Jezebel, a Web site committed to sexual freedom, calls this objection “hysterical.” Jezebel writer Katy Kelleher chastises me for seeming “downright disgusted by what these people are choosing to do with their bodies.” She laments:
Sex and food. Food and sex. I don’t know about you, but I’m sick of the two being combined in some horrible spiral of shame. Food is not sinful. Lust is not sinful. … Doing these things—enjoying huge amounts of food or conspicuous amounts of sex—does not make one self-destructive, gluttonous, or depraved. Saletan’s sloppy comparison does not turn me off competitive eating—it just reveals his disgust and distrust of pornography. In drawing the two together, he makes both out to be something threatening, even dangerous. But a group of contestants shoving food into their faces while crowds cheer around is not symbolic of the impending downfall of our civilization.
In fairness to porn, competitive eating only resembles certain sub-genres of porn where the squick factor is built into the appeal. Most porn is more akin to the relatively wholesome vicarious pleasures of the Food Network or Saveur Magazine than a Major League Eating contest.
Are these bloggers right? Is porn not so bad? Is it wrong to find porn disgusting? Is it OK to enjoy huge amounts of food or sex?
These are separate questions. I’m open to arguments about them, and I’m glad to see them aired in what I hope is a refreshing context: sexual and gastronomic behavior compared side by side. That’s one of the conversations I was trying to provoke when I compared competitive eating to porn. (For comic brilliance in mixing the two, I can’t top Stephen Colbert on the new Friendly’s Grilled Cheese Burger Melt: “It’s like your lunch and two other people’s lunches are having a three-way in your mouth.”) My impression from the conversation so far is that Beyerstein is right and Kelleher is wrong: We should sort the better porn from the worse, just as we should sort the better eating from the worse. What we shouldn’t do is defend all porn or eating in the name of freedom.
Knee-jerk denunciations of shame, sin, and disgust are a tired and shallow kind of feminism. The food analogy makes that pretty clear. You can try to paint every moral criticism of porn or sexual extremity as an attack on women, but when the same criticisms are offered against men in eating contests—mindless orgies, commercial exploitation, abuse of the body—it’s time to open your mind to the possibility that, no, this isn’t just about patriarchy or controlling sex.
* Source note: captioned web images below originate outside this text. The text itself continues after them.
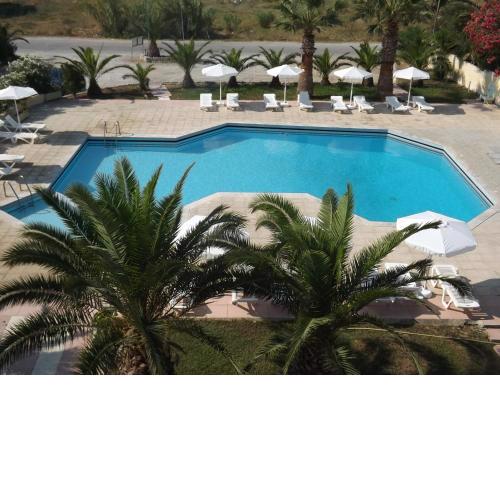 Leonidas Hotel & Studios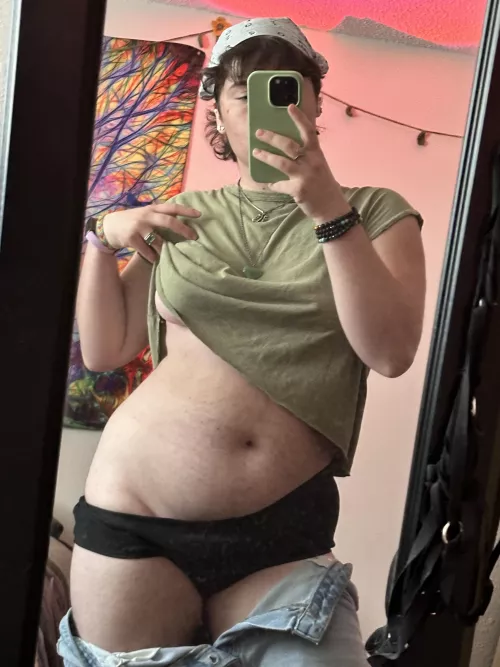 Grab my love handles 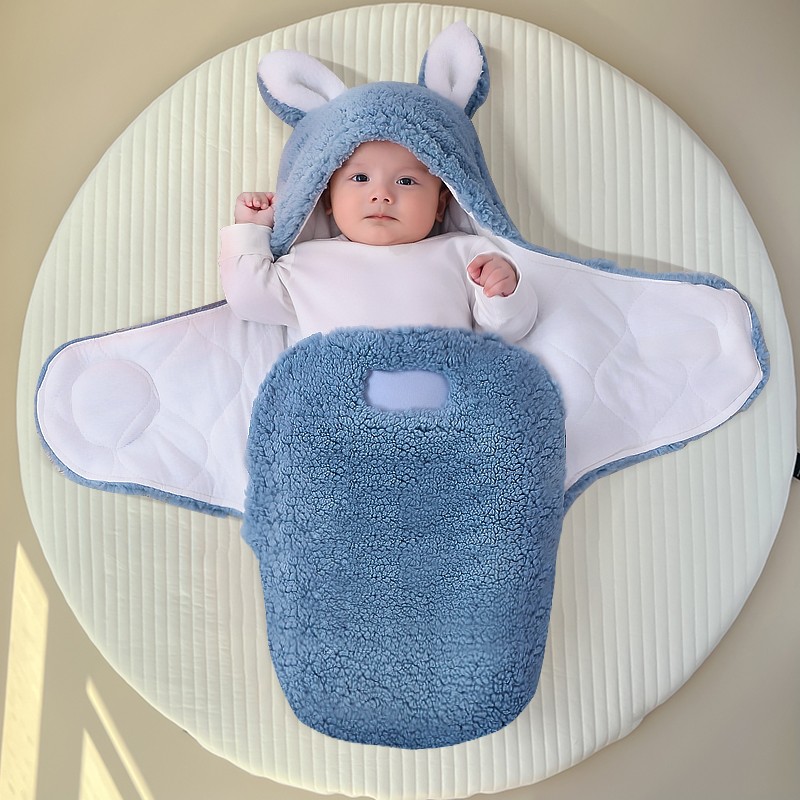 Wrapped baby quilt thickened autumn and winter newborn quilt to go out to prevent startle baby cotton swaddle sleeping bag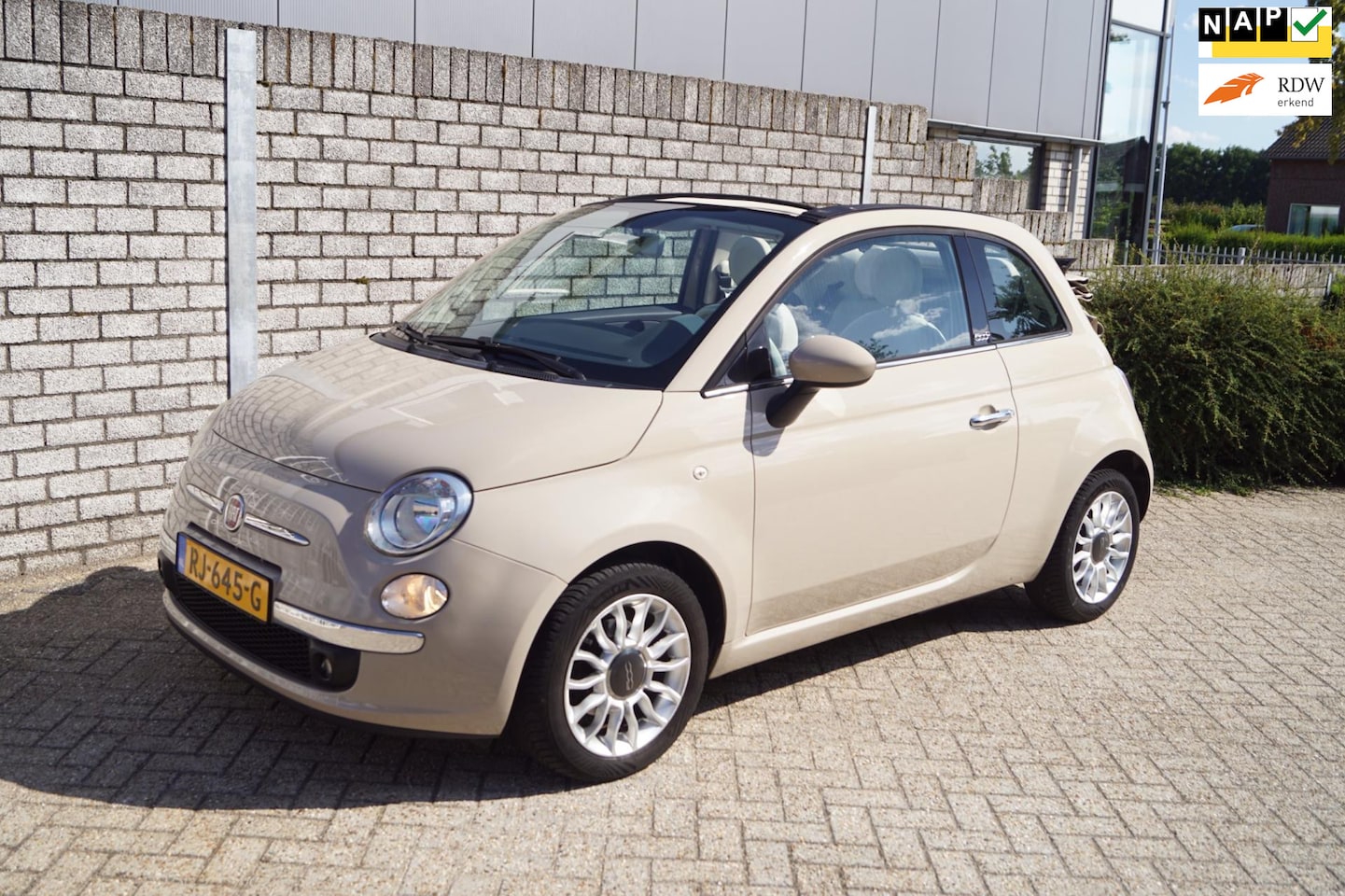 Fiat 500 C - 0.9 TwinAir Lounge Airco Elektrische Ramen en Spiegels Sportst Half Leder/Stof PDC LMV Rad - AutoWereld.nl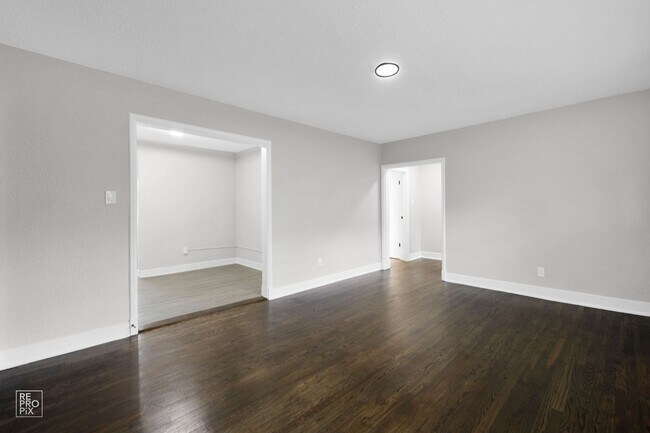 Building Photo - 308 Elizabeth Street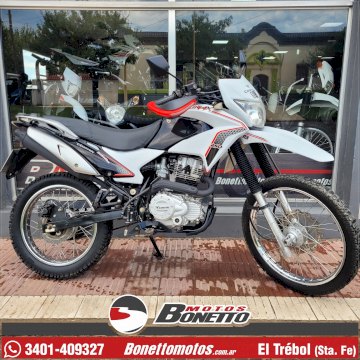 CORVEN TRIAX 250 R3 2016 17.800 KM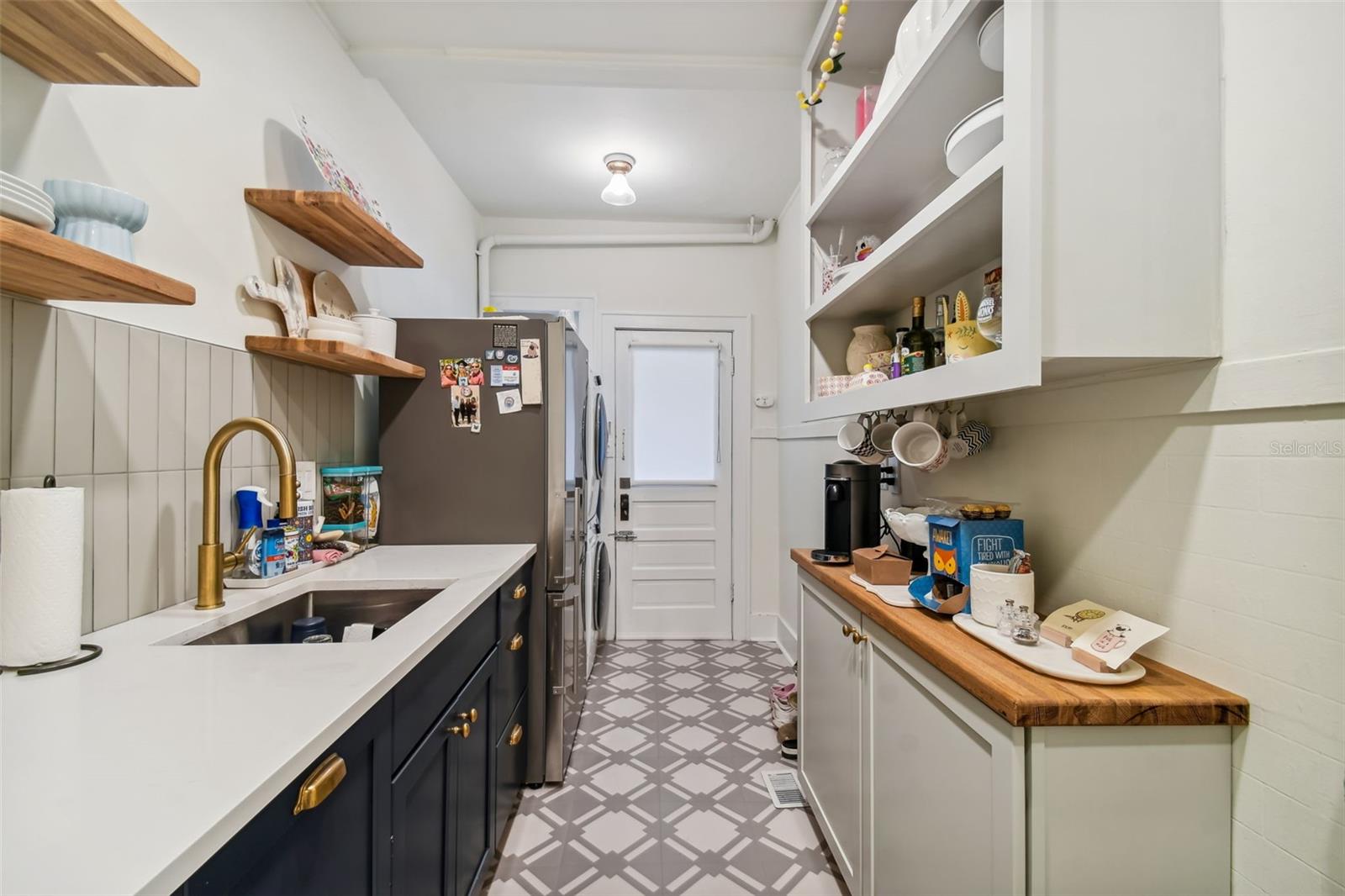SOUTHVIEW CONDO - Residential Lease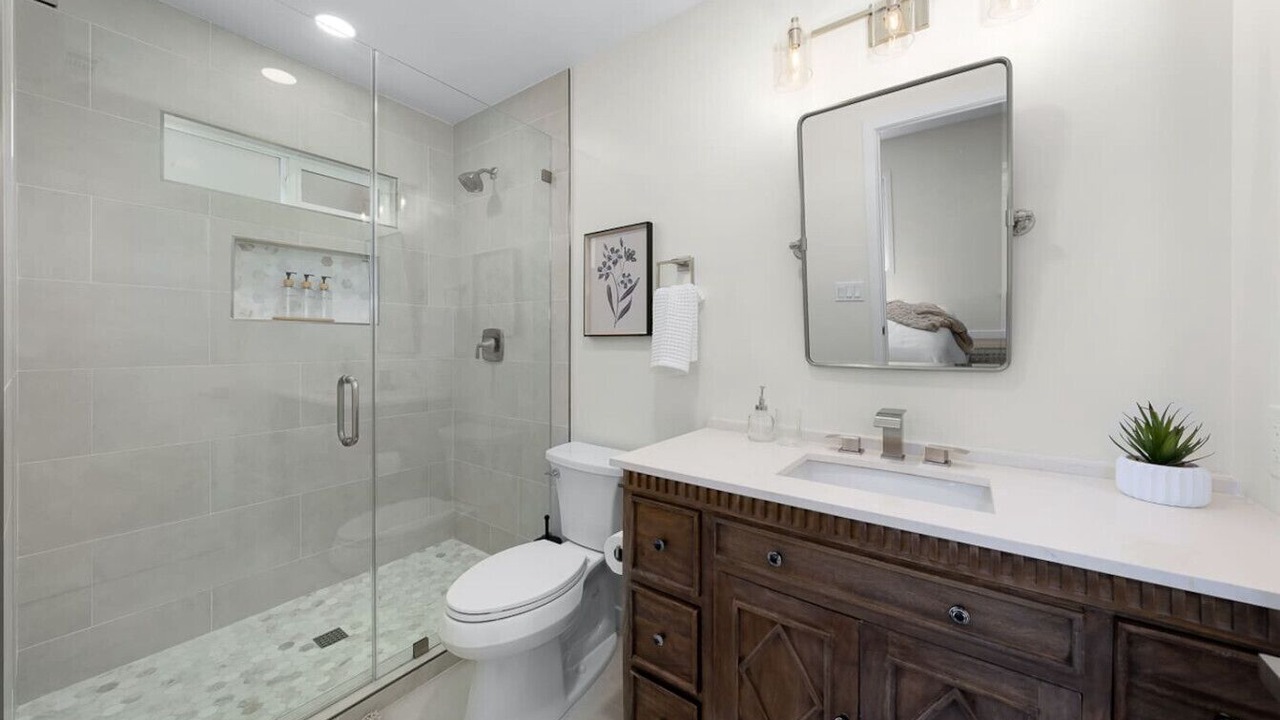 Photo of Bathroom in Mission Hills
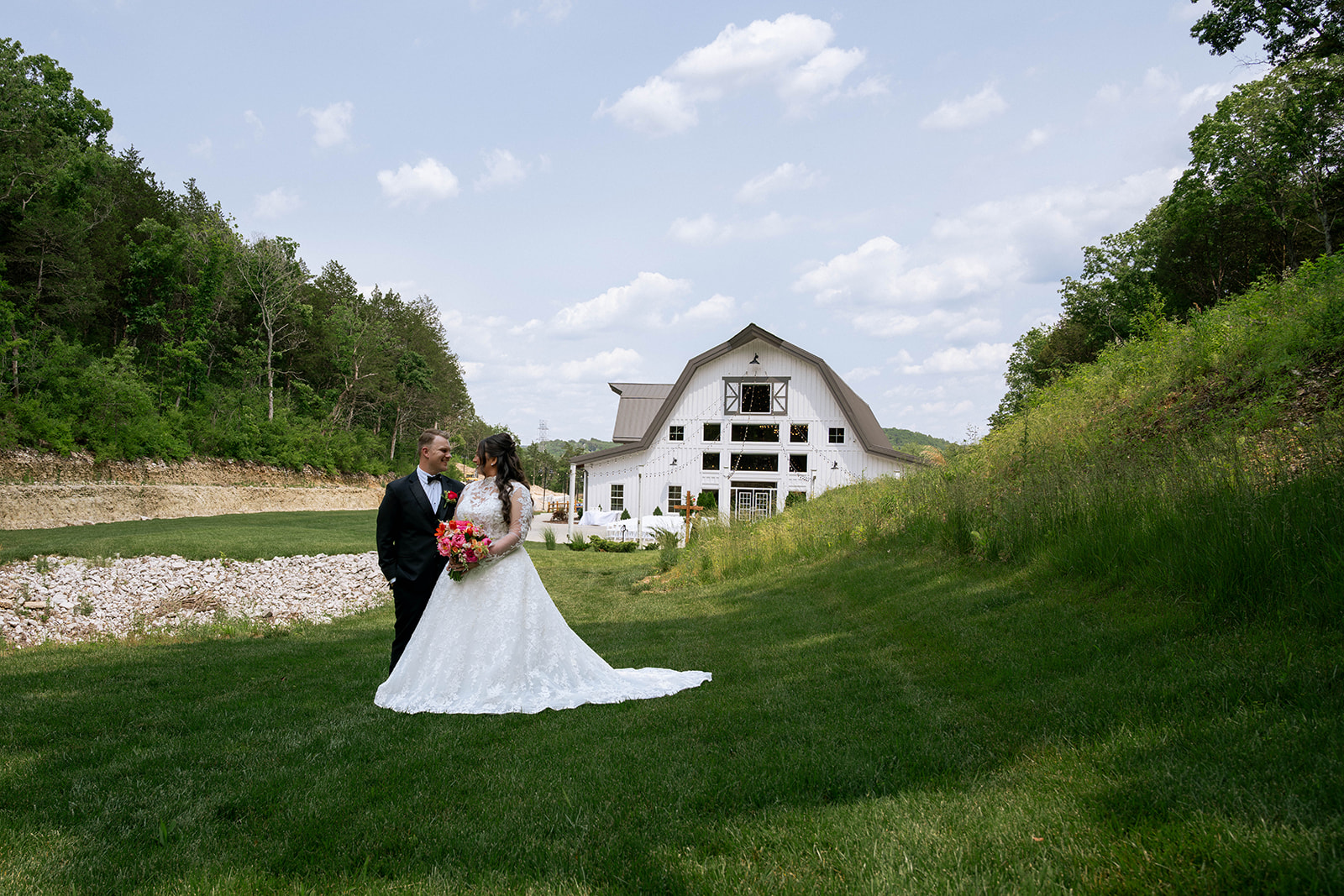 Your Complete Guide to a Dreamy Pine Hallow Farms Wedding in St. Louis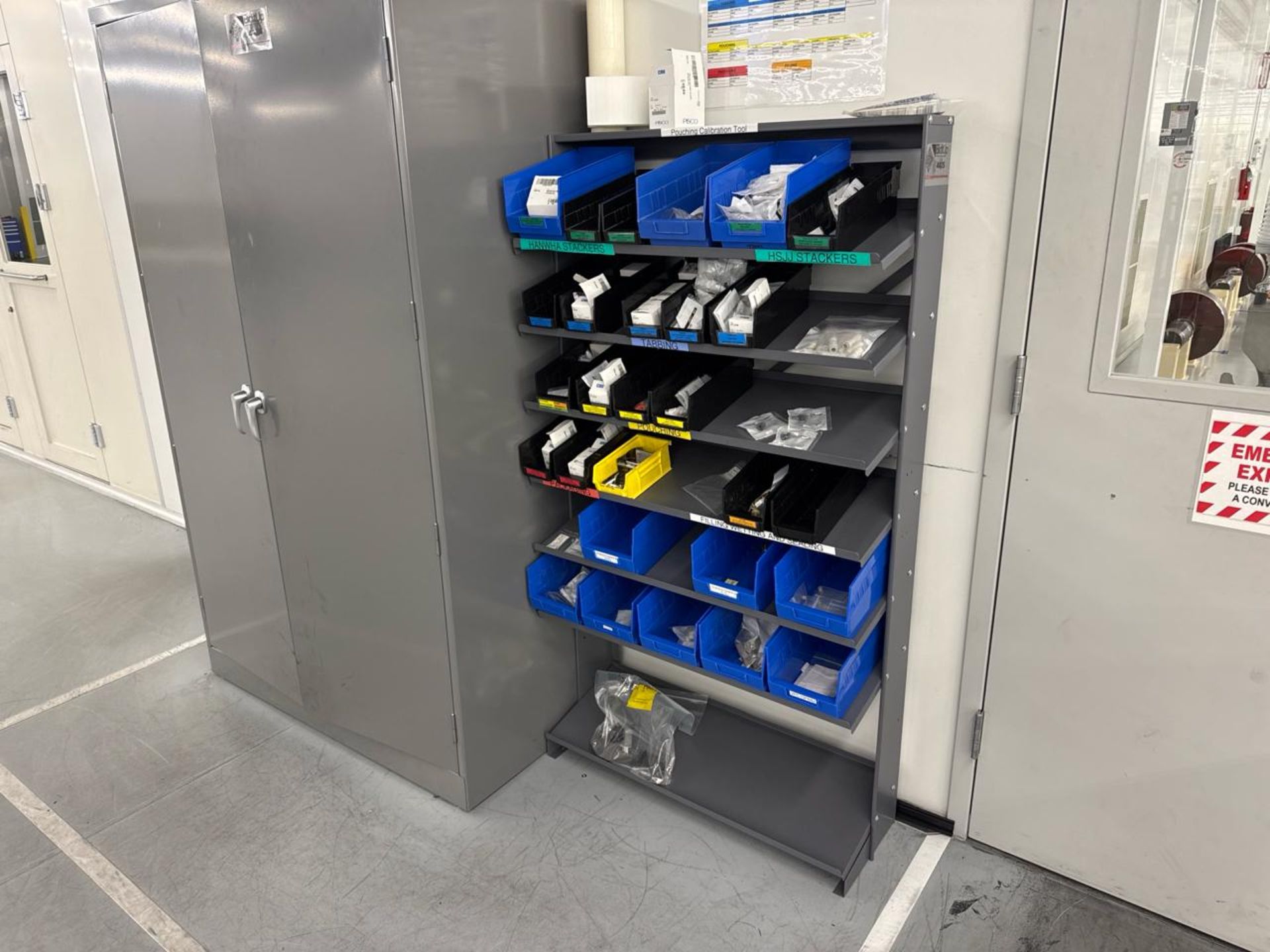 Bin shelf
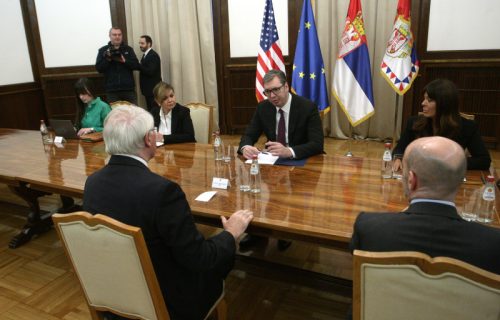 "Saglasili smo se da je hitno formiranje ZSO od PRIORITETNOG ZNAČAJA": Vučić se sastao sa Hilom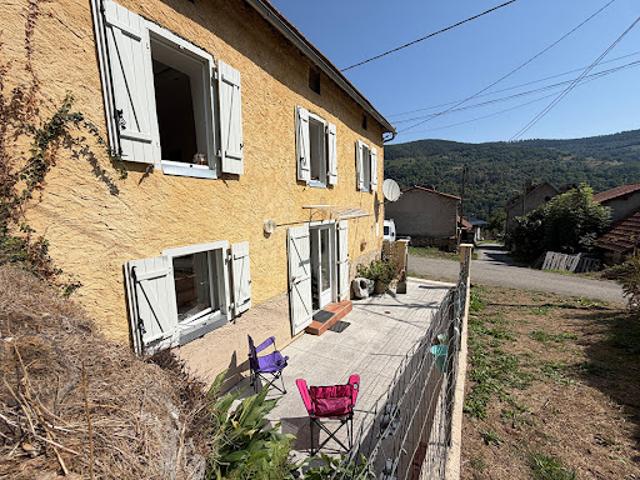 Vente Maison 3 pièces 82 m2 Lacourt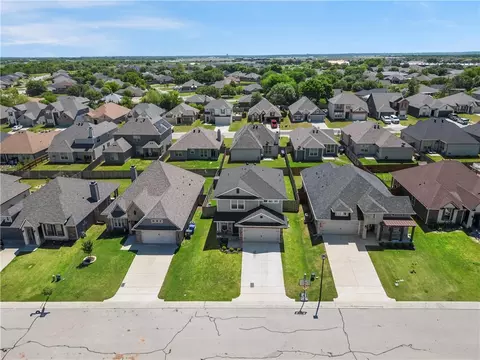 10221 Omni Dr, Waco, TX 76708 photo 32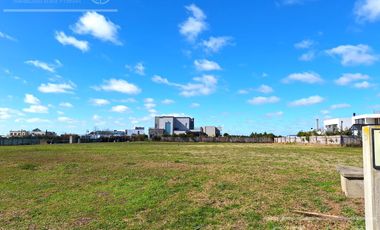 Lote en venta de 702 metros dentro de la isla  en Villalobos - Pueblos del Plata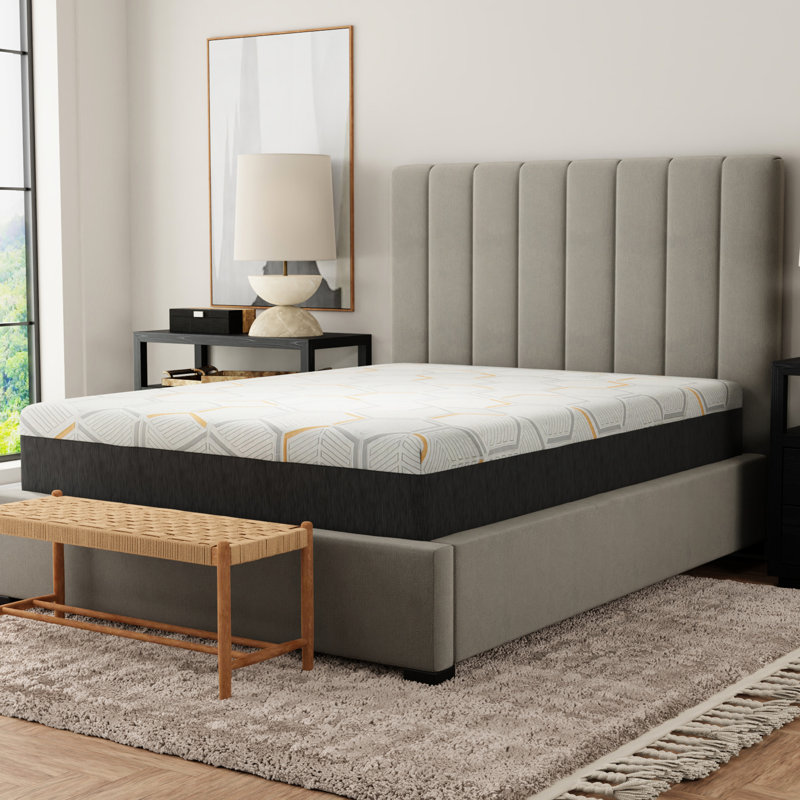 Matelas en mousse à mémoire de forme de 12 po avec gel de cuivre - base à grille d'air très grande tête pour une flexibilité qui permet de neutraliser les odeurs.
Beyerstein is on a more promising track. Picking up on the idea of food as a template for thinking about sex, she suggests a distinction between “most porn” and the “extreme insertions” variety. For those of us who missed the 1997 comedy Orgazmo, she helpfully compares competitive eating to DVDA, in which—how shall I explain this—the D’s stand for “double,” and the V and A stand for orifices.
DVDA is a joke—it’s physically impossible. But fisting, glory holes, and paying women to be penetrated in various ways by dozens of men on camera are real. When these practices are promoted and distributed as video entertainment, they spread ideas. Forgive me for those links, dear reader, but there are people who think it’s hip and liberated to reject any sense of shame about pornography. For these self-styled feminists, I hope Major League Eating is a sobering analogy. If what happened to Linda Lovelace’s body can’t move you to moral judgment, maybe what happens to Joey Chestnut’s body can.
Beyerstein has the right idea: Just because “extreme insertions” are legal—and should be—doesn’t mean we have to pretend they’re OK. “It’s a free country,” she writes. “If adults get a kick out of pushing these boundaries, let them indulge; but let’s not kid ourselves about the source of the appeal.”
If that’s true of eating, why isn’t it true of sex?